Despite its media billing as a substantive loosening of the United States' four-decade-long economic blockade of Cuba, a new bill passed by the US Congress will tighten the blockade by codifying restrictions on travel to the island and by prohibiting Cuban access to US credit financing for trade.
The Cuban government has said that last-minute changes brought into the bill by far-right anti-Cuban legislators largely undid the "good intentions" of the bill's drafters to end restrictions on US sales of food and medicines to Cuba.
"Let's get this straight", Cuban government spokesperson Aymee Hernandez told foreign correspondents in Havana. "What we see here is a cosmetic measure which, far from relaxing it, is in fact strengthening the embargo."

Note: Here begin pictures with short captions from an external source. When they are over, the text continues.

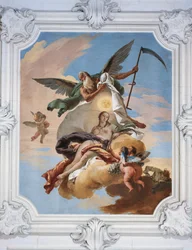 Lov času Závist a objevování pravdy, Giovanni Battista Tiepolo (1696-1770), freska, Villa Loschi-Zileri, Biron, Monteviale, Itálie
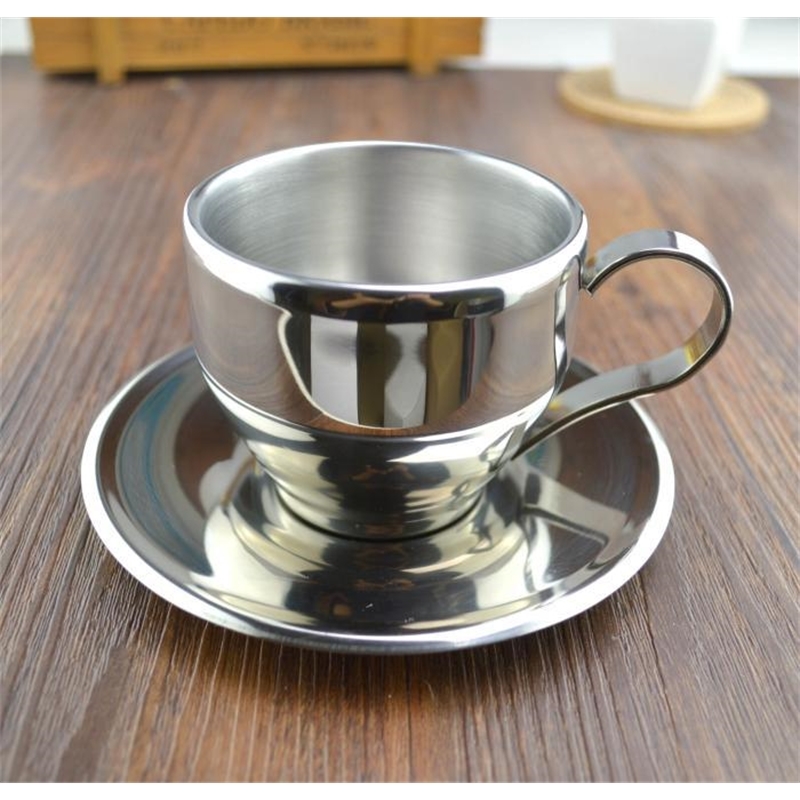 Fashion stainless steel double layer coffee cup set flower tea cup tea cup d'Angleterre espresso bother mug coffee mug T200506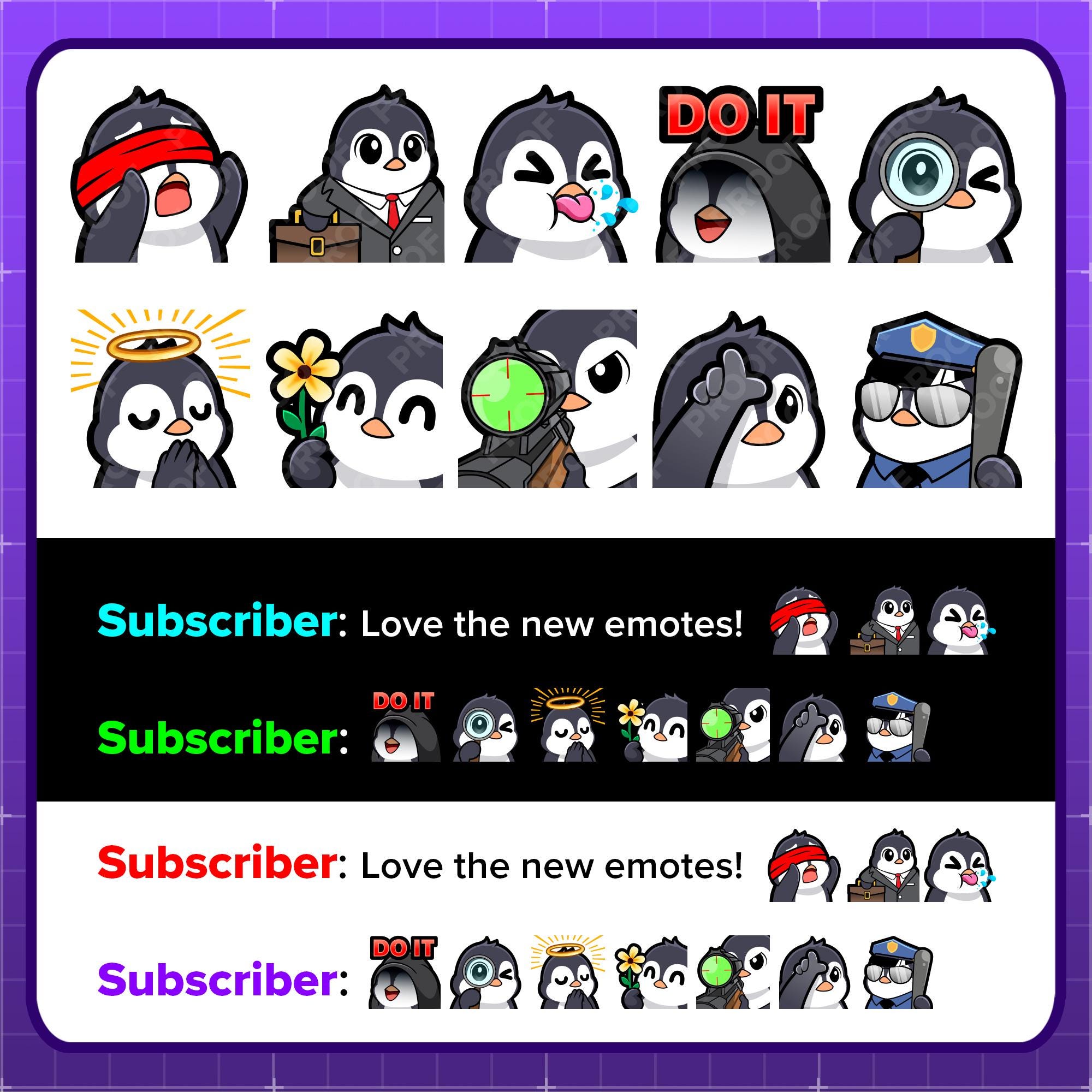 Penguin Twitch Emotes MEGA Bundle for Streaming, Youtube Emotes ...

The new law has been heavily promoted by US agricultural and pharmaceutical companies keen to gain access to the Cuban market and has been guided through Congress by Republican leaders. President Bill Clinton has indicated that he will likely sign the bill into law.
But under measures included during final negotiations on the bill, Havana would be barred from gaining US credit for imports and would have to pay cash for US food and medicines, "and you know perfectly well that Cuba is a Third World country", Hernandez noted.
Cuba currently buys its food and medicines from far afield, including Europe and Asia, and pays premium prices. It would now need to also get credit from these regions to be able to buy US goods.
Under the new blockade regulations, Cuba won't be able to recoup money by exporting to the United States either, much as it would like to sell medicines such as its locally developed vaccines or food such as oranges and guava fruit, Hernandez said.
"If it is approved, it will only raise more obstacles for clean and unconditional trade between Cuba and the United States", Hernandez added. "The problem is not whether we can buy medicines from the United States, but the onerous conditions they impose for purchases."
The new bill also writes into law existing US travel restrictions to Cuba. Currently, the travel ban only exists in regulations; can therefore be more easily varied by the US government and more easily avoided by US citizens. The new law will make travel to Cuba for all purposes other than the negotiation of food and medical sales a criminal offence.
US opponents of revolutionary Cuba have hailed the new law. Florida Republican legislator Ileana Ros-Lehtinen, for example, said, "This agreement is much better for us than the current law. No credits for Castro and no tourism either."